Hace unos cuantos años conocí a un cantante inglés que me llamó la atención, no sólo por su voz sino por la letra de la canción que había escuchado: Space Oddity. Explorando un poco más me adentré en su música, en sus períodos artísticos, en su nacimiento y desarrollo, y por alguna razón su obra me pegó como si hubiera sido de mi época.
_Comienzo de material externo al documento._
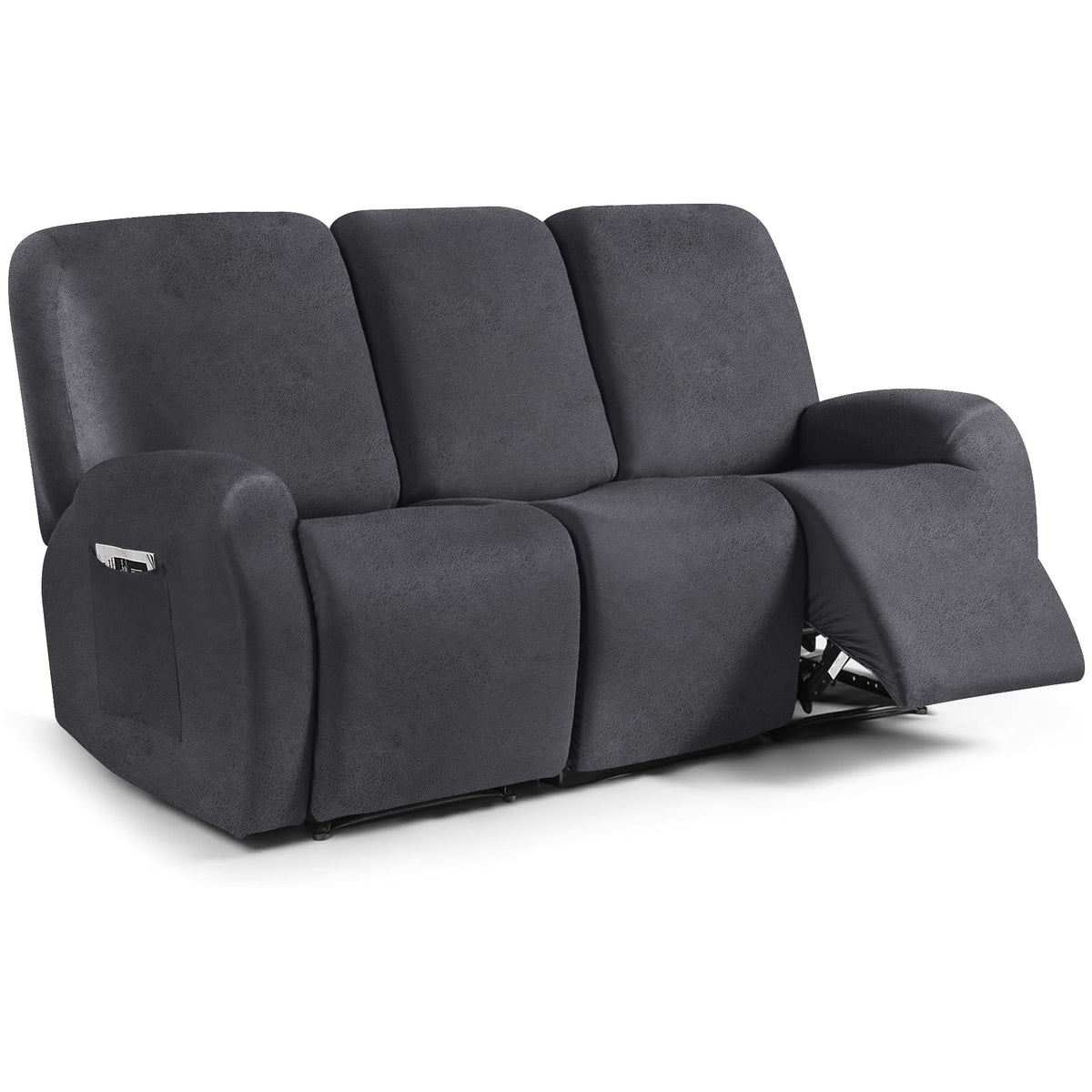 ANARACHON Leather Look Loveseat Recliner Cover, 6-Pieces Stretch Dual Recliner Sofa Covers, Soft Reclining Couch Slipcover, Washable Furniture Protector for Pets (2 Seater,256 Black)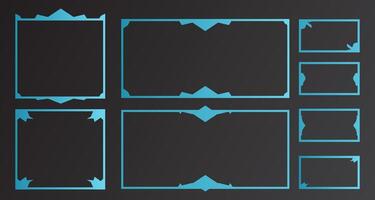 Set of frame game, live stream interface. Abstract digital user interface vector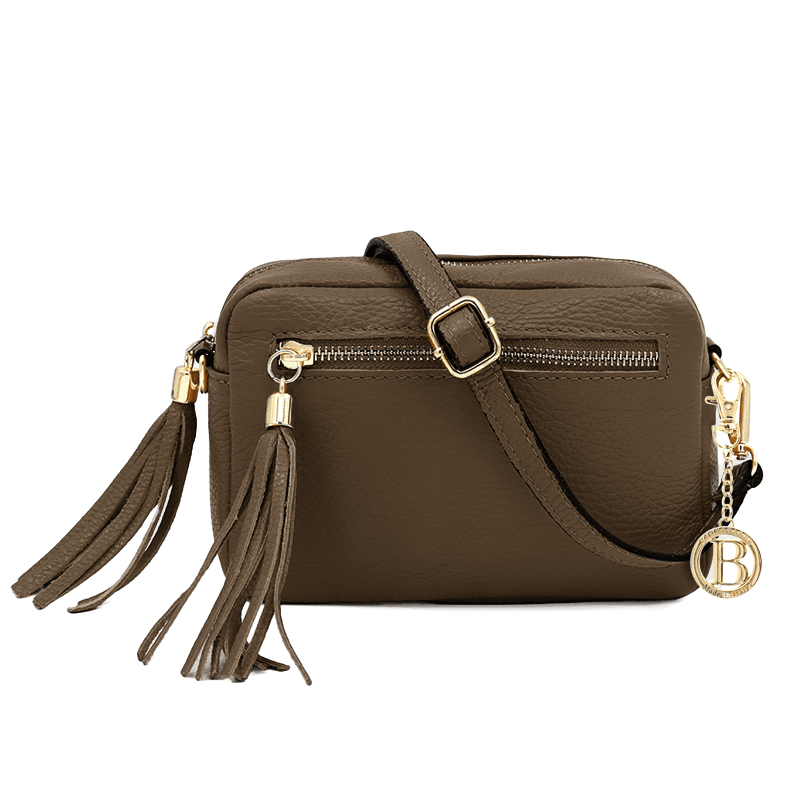 Válltáska természetes bőrből - Flavia - barna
Lo cierto es que David Bowie es de todas las épocas, está vigente desde fines de los ’60 hasta hoy, cada década con un estilo diferente pero sin dejar de ser él en la piel de Ziggy Stardust, del Duque blanco, de Aladdin Sane, de su versión berlinesa, de su versión neoyorquina, de su versión inglesa, de su última etapa. Muchos en uno, eso era Bowie. Un artista completo, enorme, inclasificable. Alguien que por alguna extraña razón me llega al corazón, cuyas canciones me acompañan según el humor que tenga y cuya muerte me llevó, como a varios, a conocer otras aristas de su arte que antes se me habían pasado por alto.
Así que cuando supe que iba a estar una muestra de fotos de David Bowie by Mick Rock no lo dudé y me propuse ir. Me calcé la cámara y partí sola, un sábado lluvioso, a disfrutar de una inmersión total de Bowie. Descubrí a Mick Rock, pero me encontré con David, sus fotos y su música de fondo.